Using %timeit in ipython the original code took 112 ms for m=1000. This code takes 2.94 ms for m=10,000, an order of magnitude larger problem yet still almost two orders of magnitude faster! I did not have the patience to wait on the original code for m=10,000. Most of the time in the original may be in constructing the array, I did not test this. Regardless, for large arrays it is much more efficient to only store the non-zero values of the matrix.
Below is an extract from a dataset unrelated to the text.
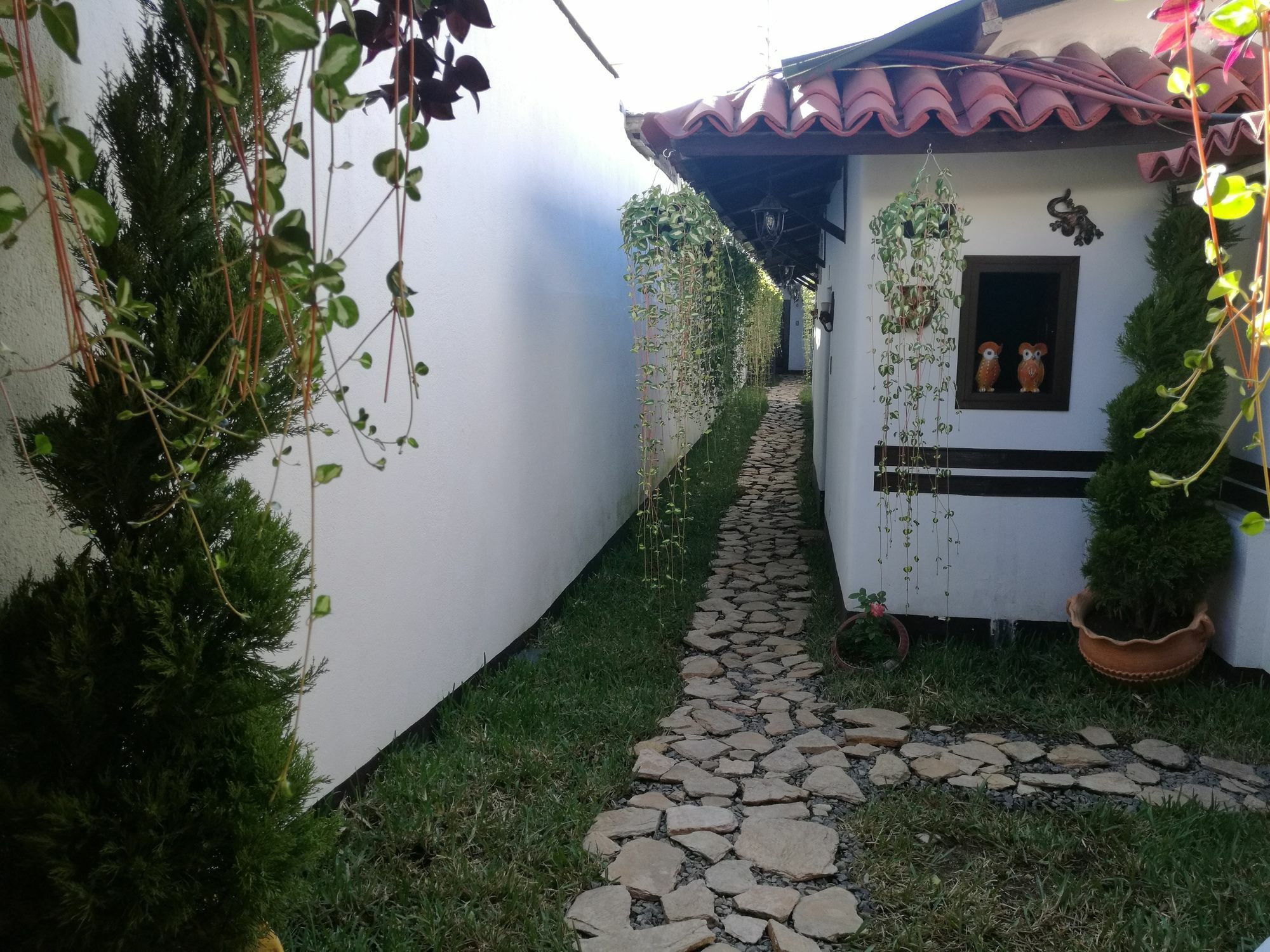 Garden Hotel Antigua Esterno foto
There is a scipy.sparse matrix type called scipy.sparse.dia_matrix which captures the structure of your matrix well (it will store 3 arrays, in "positions" 0 (diagonal), 1 (above) and -1 (below)). Using this type of matrix you can try scipy.sparse.linalg.lsqr for solving. If your problem has an exact solution, it will be found, otherwise it will find the solution in least squares sense.
from scipy import sparse
A_sparse = sparse.dia_matrix(A)
ret_values = sparse.linalg.lsqr(A_sparse, C)
x = ret_values[0]
However, this may not be completely optimal in terms of exploiting the triadiagonal structure, there may be a theoretical way of making this faster. What this conversion does do for you is cut down the matrix multiplication expenses to the essential: Only the 3 bands are used. This, in combination with the iterative solver lsqr should already yield a speedup.
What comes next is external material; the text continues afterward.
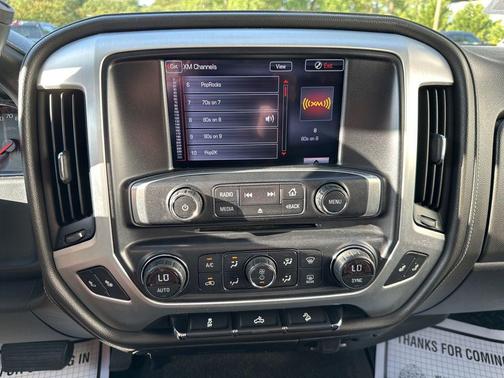 Iridium Metallic 2015 GMC Sierra 1500 SLE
Note: I am not proposing scipy.sparse.linalg.spsolve, because it converts your matrix to csr format. However, replacing lsqr with spsolve is worth a try, especially because spsolve can bind UMFPACK, see relevant doc on spsolve. Also, it may be of interest to take a look at this stackoverflow question and answer relating to UMFPACK
You could use scipy.linalg.solveh_banded.
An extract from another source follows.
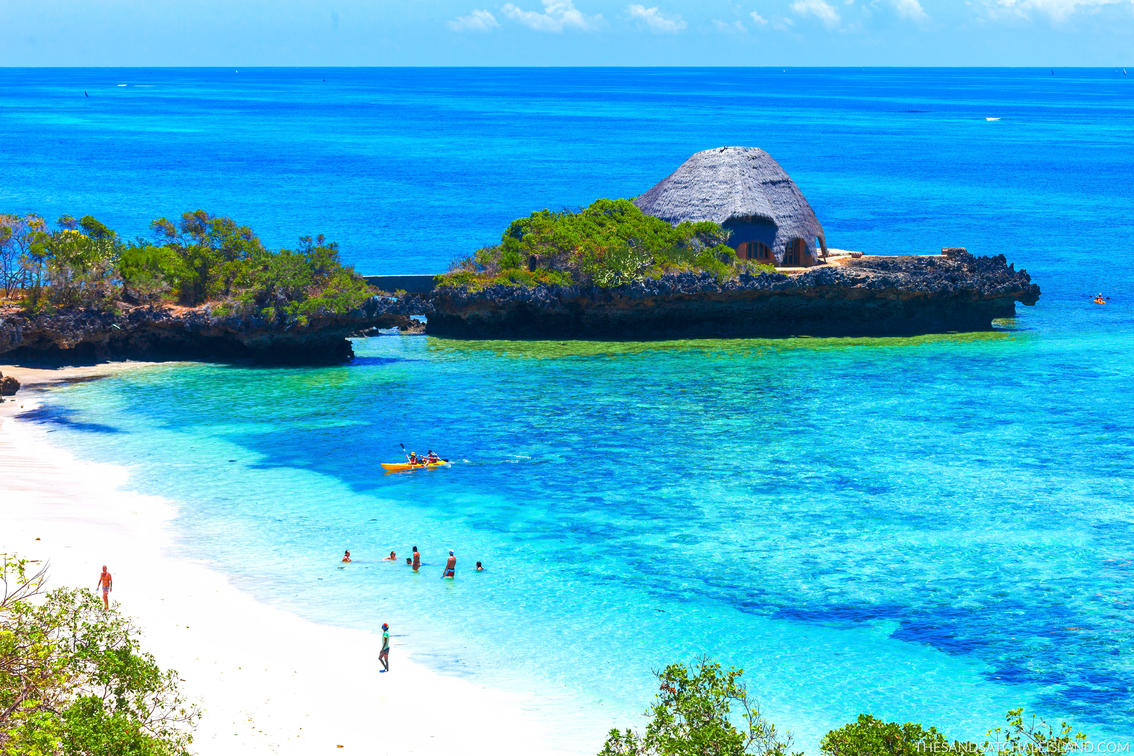 The Sands at Chale Island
EDIT: You CANNOT used the above as your matrix is not symmetric and I thought it was. However, as was mentioned above in the comment, the Thomas algorithm is great for this
a = [7] * ( m - 2 ) + [3]
b = [1] + [8] * ( m - 2 ) + [4]
c = [2] + [9] * ( m - 2 )
d = [1] + [2] * ( m - 2 ) + [3]
# This is taken directly from the Wikipedia page also cited above
# this overwrites b and d
def TDMASolve(a, b, c, d):
n = len(d) # n is the numbers of rows, a and c has length n-1
for i in xrange(n-1):
d[i+1] -= 1. * d[i] * a[i] / b[i]
b[i+1] -= 1. * c[i] * a[i] / b[i]
for i in reversed(xrange(n-1)):
d[i] -= d[i+1] * c[i] / b[i+1]
return [d[i] / b[i] for i in xrange(n)]
This code is not optimize nor does it use np, but if I (or any of the other fine folks here) have time, I will edit it so that it does those thing. It currently times at ~10 ms for m=10000.
This probably will help
There is a function creates_tridiagonal which will create tridiagonal matrix. There is another function which converts a matrix into diagonal ordered form as requested by SciPy solve_banded function.
import numpy as np
def lu_decomp3(a):
"""
c,d,e = lu_decomp3(a).
LU decomposition of tridiagonal matrix a = [c\d\e]. On output
{c},{d} and {e} are the diagonals of the decomposed matrix a.
"""
n = np.diagonal(a).size
assert(np.all(a.shape ==(n,n))) # check if square matrix
d = np.copy(np.diagonal(a)) # without copy (assignment destination is read-only) error is raised
e = np.copy(np.diagonal(a, 1))
c = np.copy(np.diagonal(a, -1))
for k in range(1,n):
lam = c[k-1]/d[k-1]
d[k] = d[k] - lam*e[k-1]
c[k-1] = lam
return c,d,e
def lu_solve3(c,d,e,b):
"""
x = lu_solve(c,d,e,b).
Solves [c\d\e]{x} = {b}, where {c}, {d} and {e} are the
vectors returned from lu_decomp3.
"""
n = len(d)
y = np.zeros_like(b)
y[0] = b[0]
for k in range(1,n):
y[k] = b[k] - c[k-1]*y[k-1]
x = np.zeros_like(b)
x[n-1] = y[n-1]/d[n-1] # there is no x[n] out of range
for k in range(n-2,-1,-1):
x[k] = (y[k] - e[k]*x[k+1])/d[k]
return x
from scipy.sparse import diags
def create_tridiagonal(size = 4):
diag = np.random.randn(size)*100
diag_pos1 = np.random.randn(size-1)*10
diag_neg1 = np.random.randn(size-1)*10
a = diags([diag_neg1, diag, diag_pos1], offsets=[-1, 0, 1],shape=(size,size)).todense()
return a
a = create_tridiagonal(4)
b = np.random.randn(4)*10
print('matrix a is\n = {} \n\n and vector b is \n {}'.format(a, b))
c, d, e = lu_decomp3(a)
x = lu_solve3(c, d, e, b)
print("x from our function is {}".format(x))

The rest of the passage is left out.